Monday, May 21, 2012

Back to Statins in the Water Supply--But On What Basis?

In the beginning was the polypill. This hypothetical product was first proposed by Wald and Law in 2003, based on the idea that with a general population at fairly high risk for heart disease, it made sense simply to put everyone above a certain age on a combination pill containing a statin for cholesterol, aspirin, and one or more drugs for blood pressure. A recent review by Katherine M. Carey, PharmD and colleagues reviewed a number of studies that tried to assess the vaolue and safety of one or another form of polypill and concluded that at best the results would be modest (subscription may be required):
http://www.theannals.com/content/46/5/688.long

Well, now says The Lancet, forget the polypill. Just put everyone above age 50 on a statin:
http://www.thelancet.com/journals/lancet/article/PIIS0140-6736(12)60694-1/fulltext

This advice is based on a recently-published-on-line meta-analysis by the Cholesterol Clinical Trialists (subscription required). Their study reviewed a total of 27 clinical trials of statins as primary prevention (that is, for people without known heart or blood vessel disease). They concluded that on combining all these trials, there was a clear advantage to using statins for primary prevention, and that the more they lowered your LDL ("bad") cholesterol, the better they were as a preventive.
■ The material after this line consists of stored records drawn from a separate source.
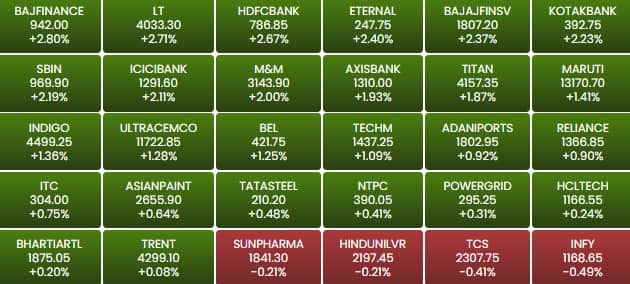 sensex 890
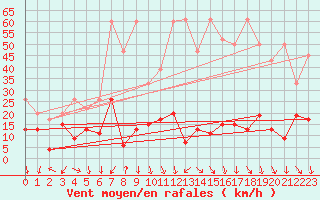 Courbe de la force du vent pour Cimetta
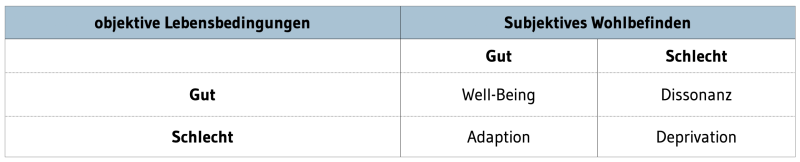Wohlfahrtspositionen nach Zapf (1984) aus Zentel (2022) Wohlfahrtspositionen nach Zapf (1984) aus Zentel (2022)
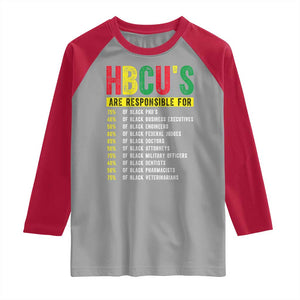 HBCUs Are Responsible For Black Excellence Raglan Shirt Powerful Education Impact Statistics Pride TS02 Sport Gray Red Print Your Wear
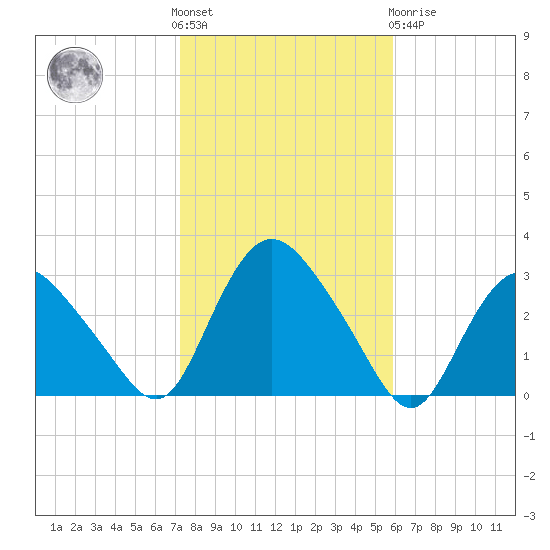 South Jamesport tide chart for Saturday, October 28, 2023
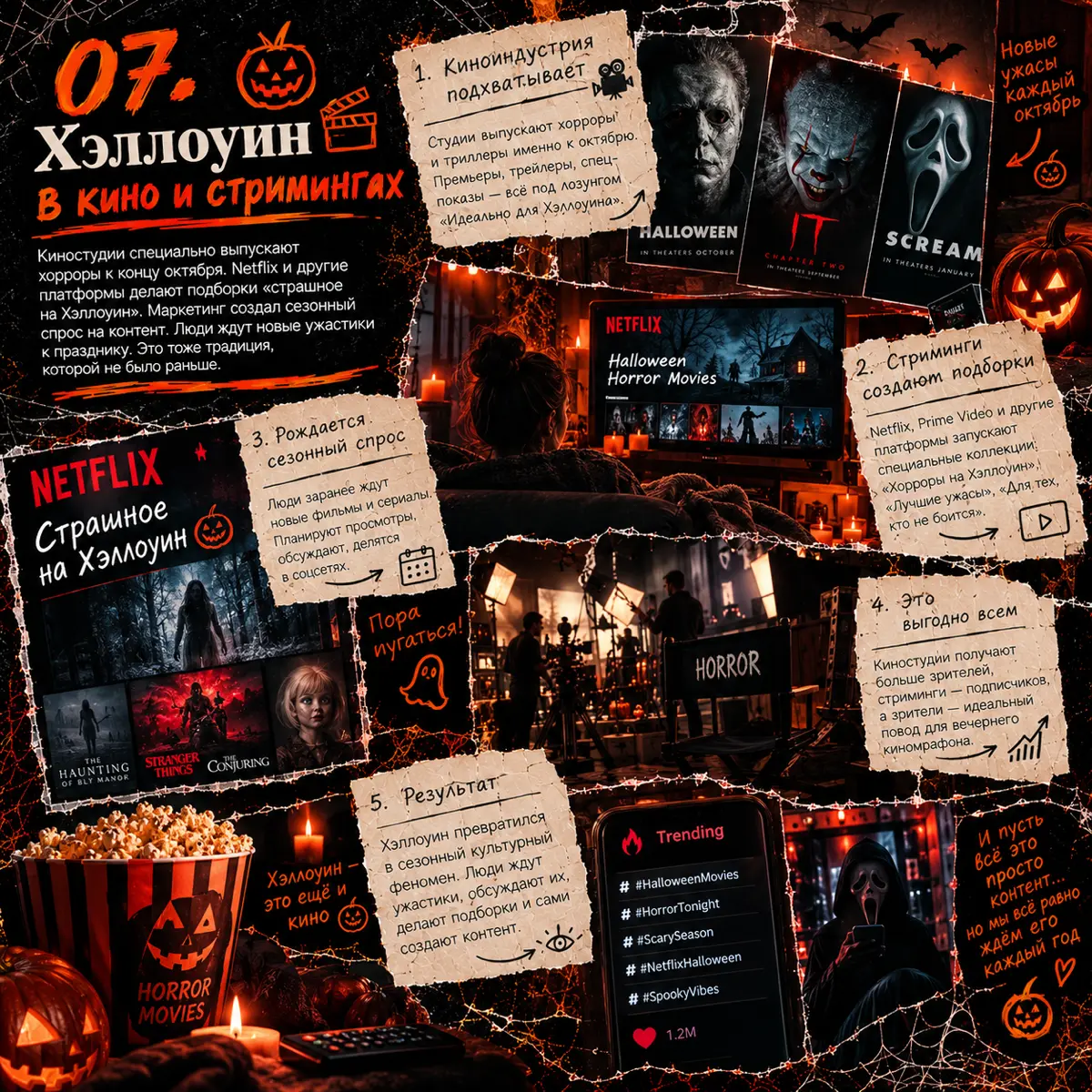 КАК МАРКЕТИНГ ИЗМЕНИЛ ОБЫЧНЫЙ ПРАЗДНИК ХЭЛЛОУИН 🎃
👻 До Хэллоуина осталось несколько дней. Пока все готовятся к празднику, хочу поделиться своими мыслями | Сетка — социальная сеть от hh.ru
To regular readers of this blog, such a study would require some explanation, because it contradicts evidence about statins and primary prevention that has by now been fairly well established, even if little understood by many physicians as well as the general public. See for example:
http://brodyhooked.blogspot.com/2009/07/more-on-statins-new-bmj-meta-analysis.html
--which discusses the low level of evidence that statins are any good for primary prevention, as well as raising questions about whether they do whatever good they do by means of lowering cholesterol.

I have been privy to some e-mail discussions among statin and evidence-based-medicine experts, and I believe that several are planning to write letters and commentaries disputing the conclusions of the new Lancet meta-analysis. I am not at liberty yet to share the details of their reasoning. However, I can point to one press response to the Lancet statement about putting everyone on a statin:
http://www.scientificamerican.com/article.cfm?id=statins-should-healthy-adults-over-50-take-them

Melinda Wenner Moyer, writing for Scientific American, interviewed several critics and pointed out a few of the problems with the CTT meta-analysis. The biggest flaw pojinted out by the critics she quotes is that while the CTT study pupports to demonstrate that statins are good for primary prevention, fully 60 percent of the study participants in the 27 pooled clinical trials had existing heart or vessel disease. To extrapolate from that population to the "low risk" patient identified in the title of the CTT study hardly seems kosher. The othet major criticism is that almost surely, the CTT trial vastly underestimates the frequency of averse reactions to statin drugs--in part, perhaps, because at least some of the clinical trials were designed specifically to exclude patients who had those adverse reactions, again a not-very-kosher study design.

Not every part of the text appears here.